Let $G$ be a group with the property that for any set of three distinct elements in $G$, say $x$, $y$, $z$, at least two of them will commute. Prove that $G$ is abelian.

I have no idea how to start this problem. How do I use the fact that two elements for any set of three elements of $G$ commute.


Solution 1:

Given $a,b\in G$, consider the three elements $a,b$, and $a^{-1}b^{-1}$. If $a$ and $b$ don’t commute, then $a^{-1}b^{-1}$ commutes with at least one of $a$ and $b$. Say it commutes with $b$: then $$aba^{-1}b^{-1}=aa^{-1}b^{-1}b=1_G\;,$$ and $a$ and $b$ commute. If instead $a^{-1}b^{-1}$ commutes with $a$, $$a^{-1}b^{-1}ab=aa^{-1}b^{-1}b=1_G\;,$$ and again $a$ commutes with $b$.
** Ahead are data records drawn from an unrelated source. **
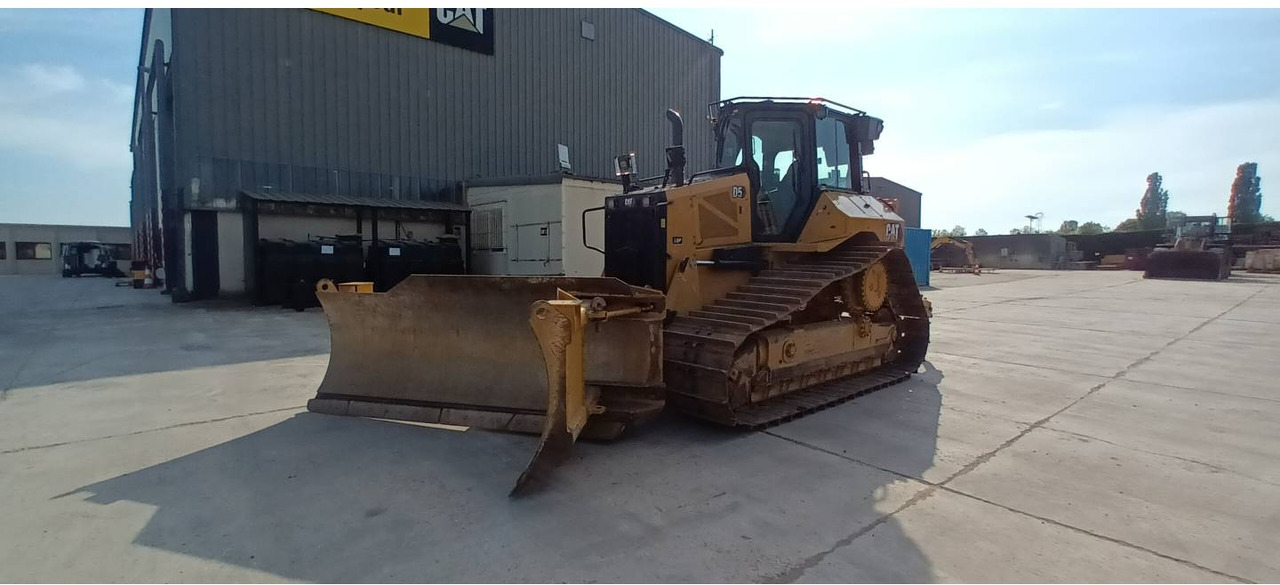 CAT D5 - Buldožer: slika 1 CAT D5 - Buldožer: slika 1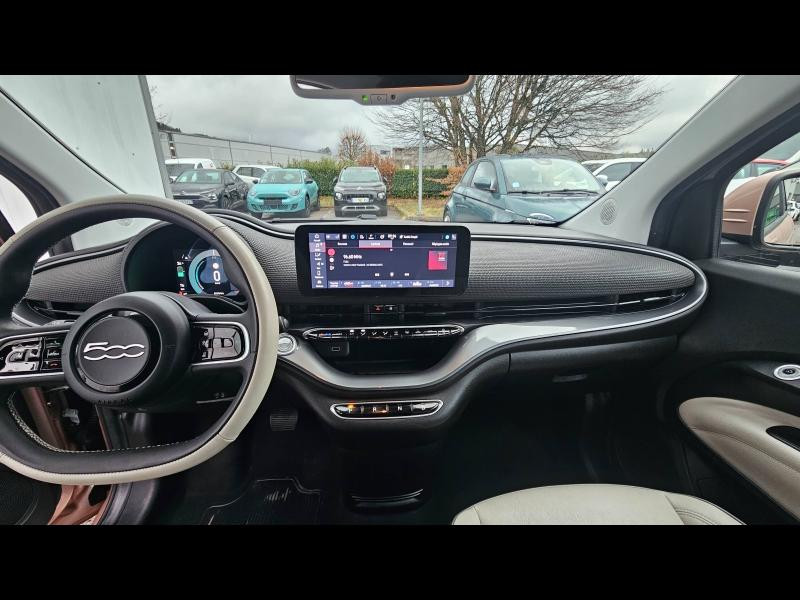 Used FIAT 500C e 118ch La Prima MY23 2023 Blanc € 23890 in Saint-Dié-des-Vosges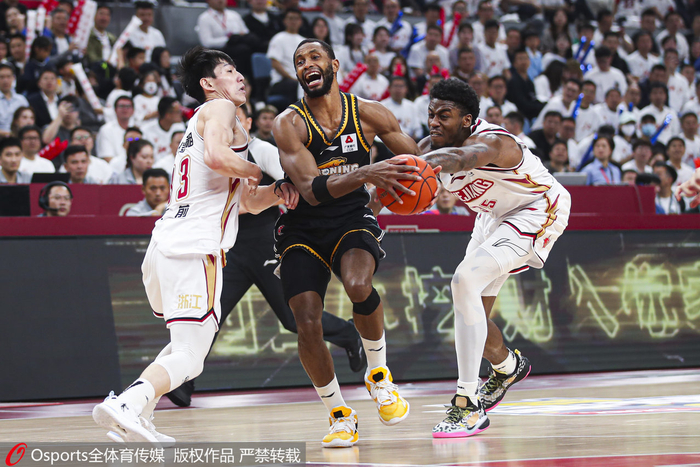 浙江队球员包夹弗格（中）。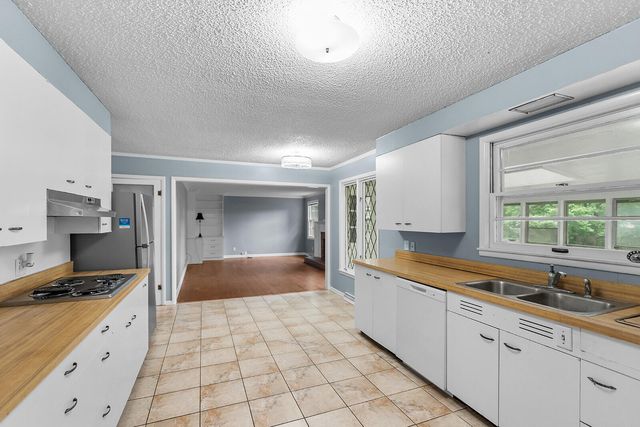 2266 S Meadowview Avenue, Springfield, MO 65804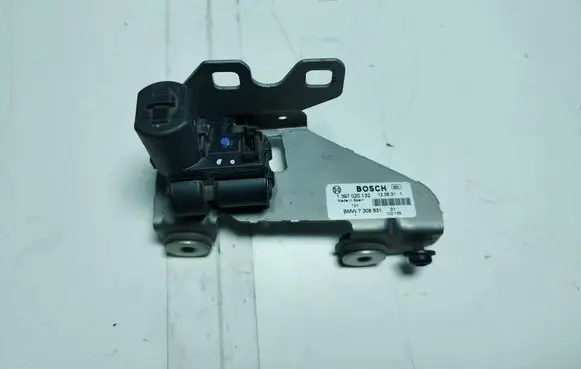 BMW 5 F10 F11 Tailgate window lock/catch/latch 1397020132 1205311 7308831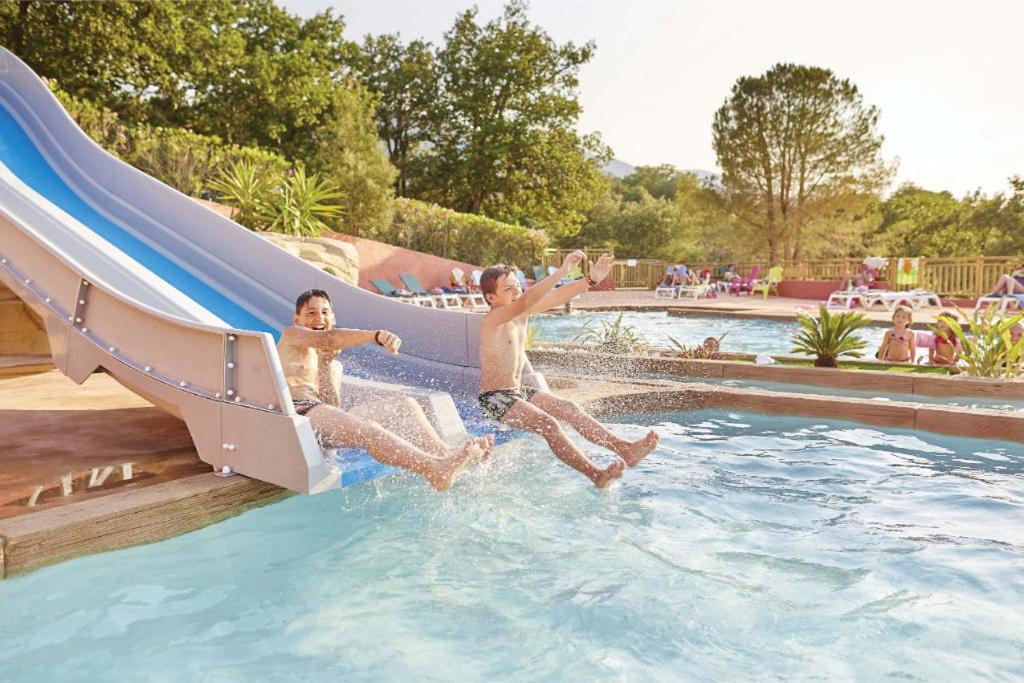 Camping Laroque Des Alberes Chambre photo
Added: As Steve D points out, $a^{-1}b^{-1}$ may be equal to one of $a$ and $b$, in which case I don’t actually have three elements of $G$. If $a^{-1}b^{-1}=a$, then $b=a^{-2}$, which certainly commutes with $a$, and the argument is similar if $a^{-1}b^{-1}=b$.

Solution 2:

Suppose there are $a,b$ that don't commute, and denote the centralizer of $x$ as $C(x)$.

The hypothesis says that $G=C(a)\cup C(b)$. But a group can't be the union of two proper subgroups, so one of these, say $C(a)$, equals $G$.

But then $a$ is central and commutes with $b$, a contradiction. Thus $G$ is abelian.